Task statement: For this exercise, repeat exactly the lines below starting at the line holding "gebr. BRÜNNER Mod." and ending at the line holding "Adesivo Quadrado Eu amo meu geek do Gamer", both included, with no extra lines and no pictures.

Data for this exercise Block Start

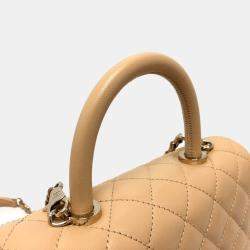 Chanel Beige Caviar Leather  Coco Handle XS Shoulder Bag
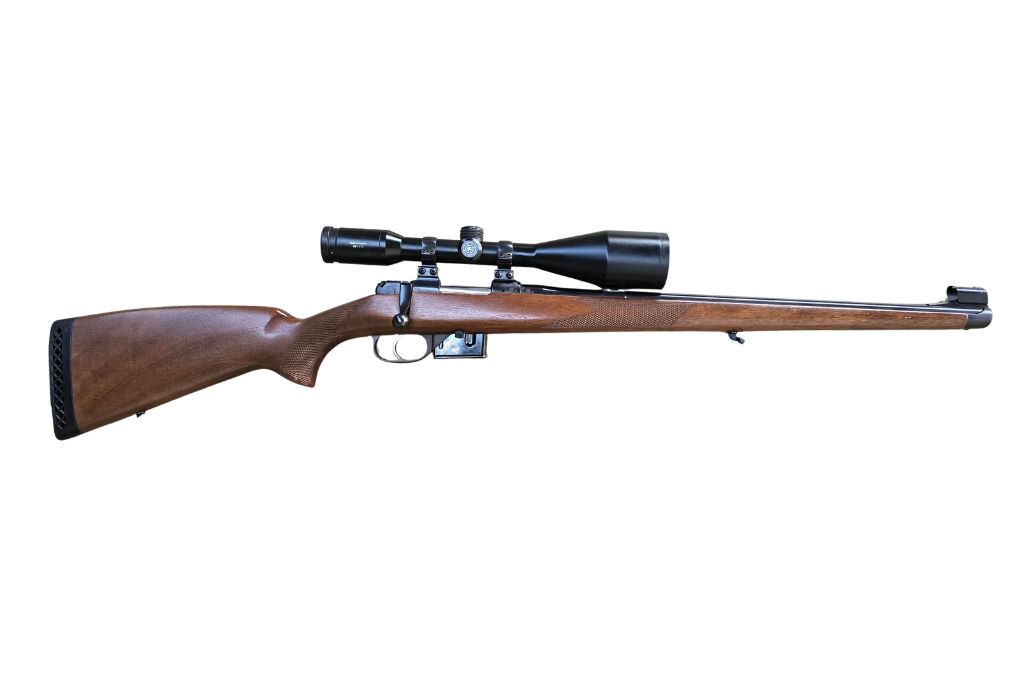 gebr. BRÜNNER Mod. CZ527 Ganzschaft, mit org. Fixmontage montiertes KAHLES Helia 7x56L Abs. 4A, Zustand: Sehr gut
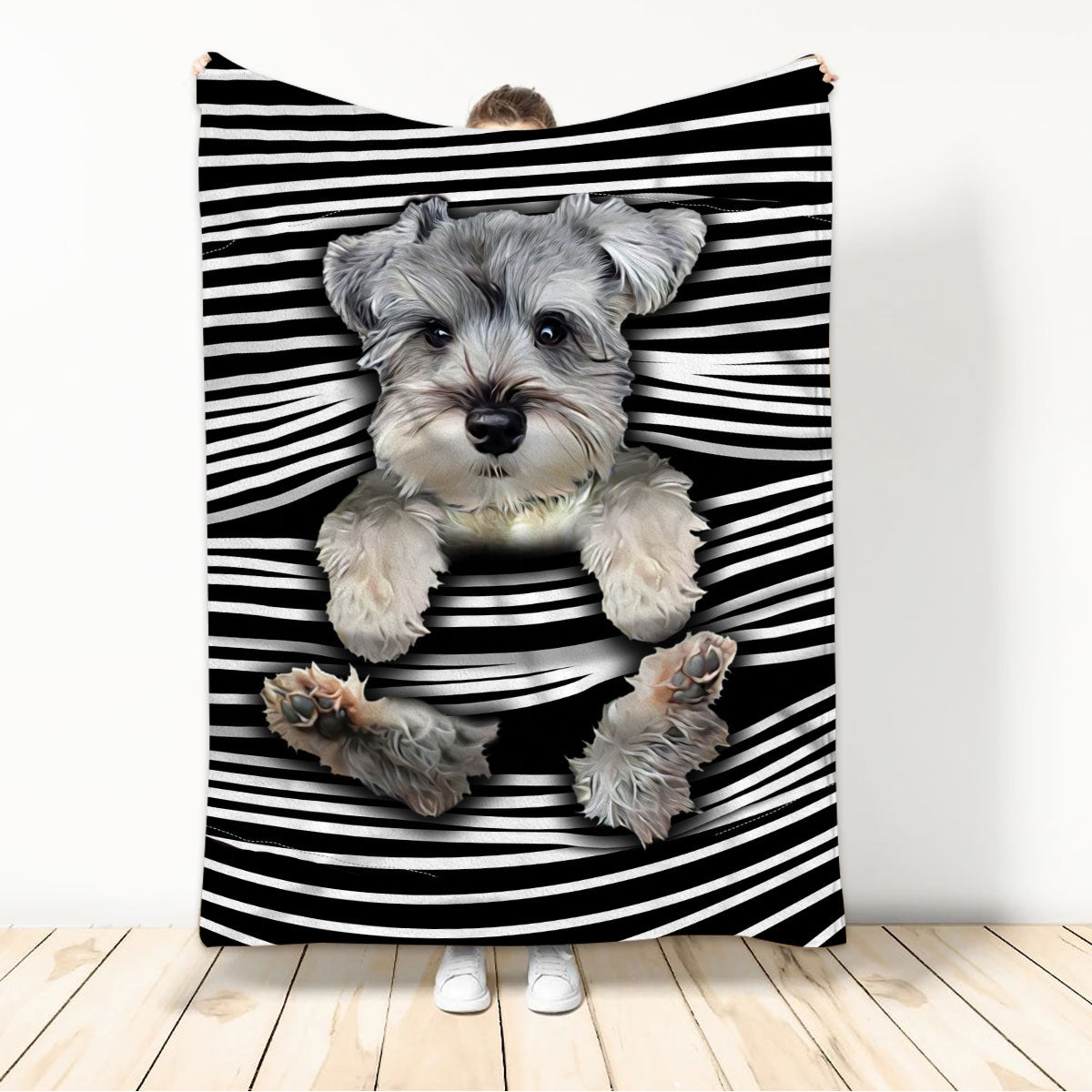 Ohaprints-Fleece-Sherpa-Blanket-Cute-Miniature-Schnauzer-Dog-Love-Schnauzer-Unique-Gift-For-Dog-Pet-Lover-Soft-Throw-Blanket-342-Sherpa Blanket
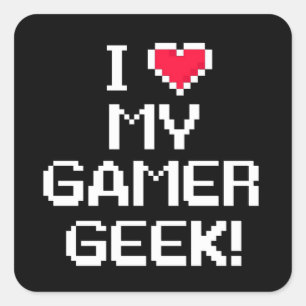 Adesivo Quadrado Eu amo meu geek do Gamer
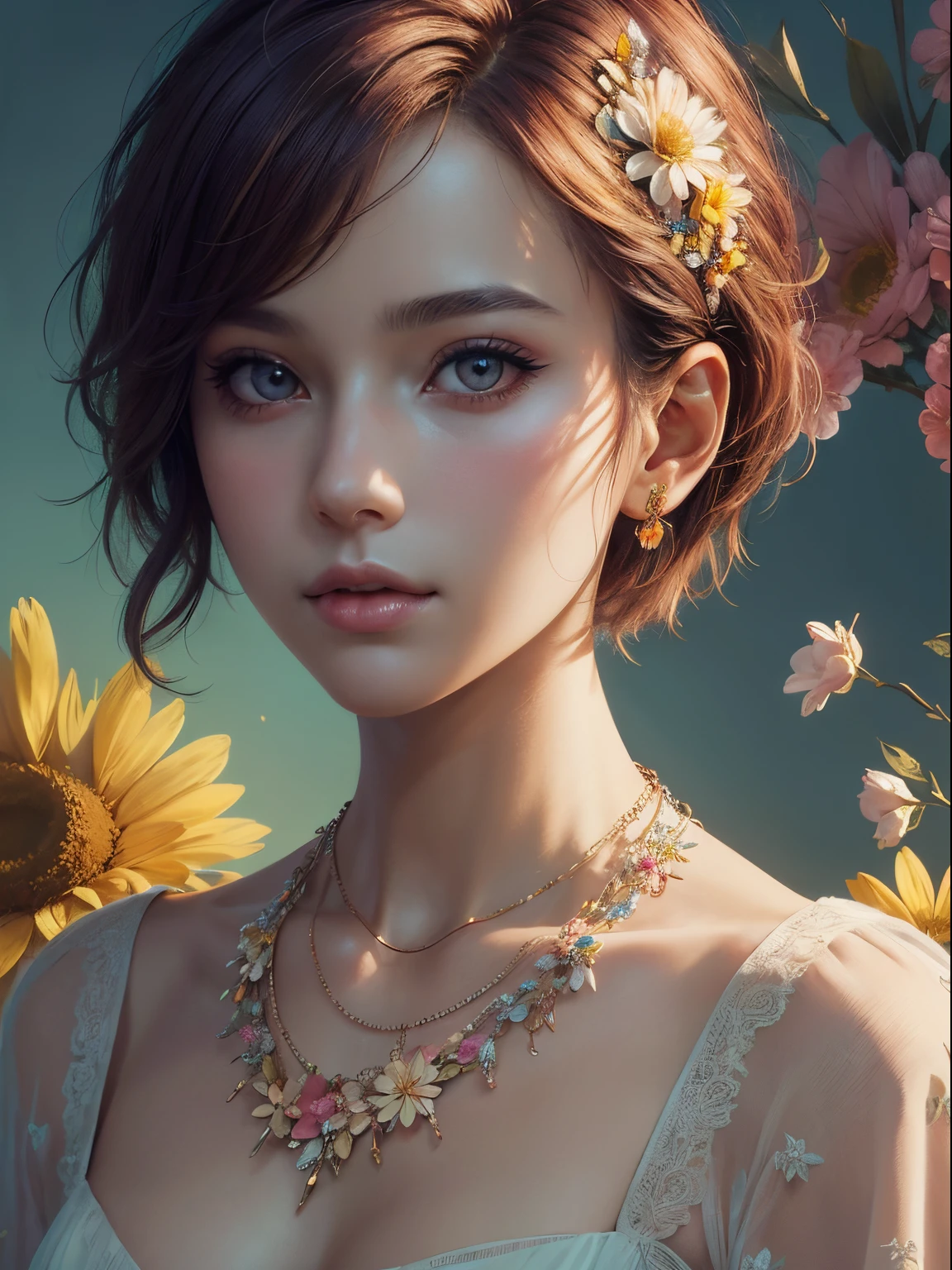 (masterpiece, best quality, beautiful girl, pretty face:1.2), solo, (close up face:1.2), 25 years old, short hair, colorful hair, colorful floral, floral background, dynamic lighting, necklace, sharp focus, raw photo, faceligh, small bust, incredibly absurdness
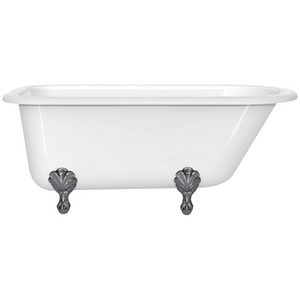 Victoria + Albert Hampshire 1500 Clawfoot Freestanding Bath - Gloss White with Polished Chrome Feet HA1NSWNOFTHAMPC
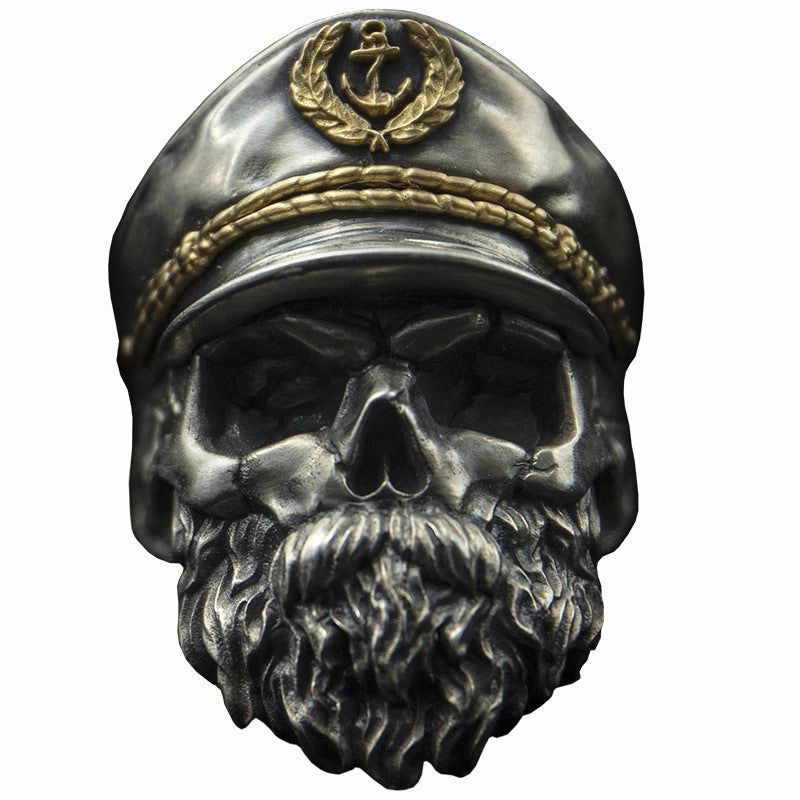Wholesale Men's Skull Officer Open Metal Ring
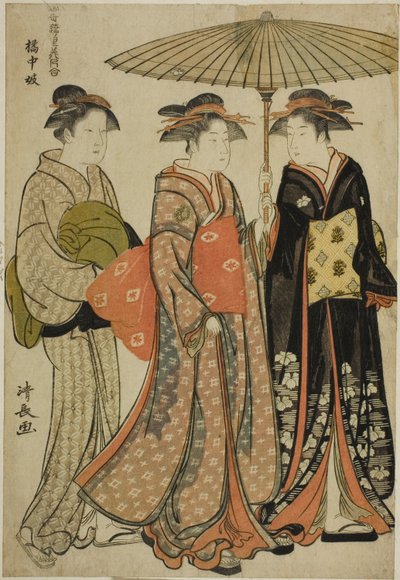 Unterhalter von Tachibana (Kitchugi), aus der Serie "Eine Sammlung zeitgenössischer Schönheiten der Vergnügungsviertel (Tosei yuri bijin awase)" von Torii Kiyonaga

Data for this exercise Block End

Solution for this exercise:
 gebr. BRÜNNER Mod. CZ527 Ganzschaft, mit org. Fixmontage montiertes KAHLES Helia 7x56L Abs. 4A, Zustand: Sehr gut
 Ohaprints-Fleece-Sherpa-Blanket-Cute-Miniature-Schnauzer-Dog-Love-Schnauzer-Unique-Gift-For-Dog-Pet-Lover-Soft-Throw-Blanket-342-Sherpa Blanket
 Adesivo Quadrado Eu amo meu geek do Gamer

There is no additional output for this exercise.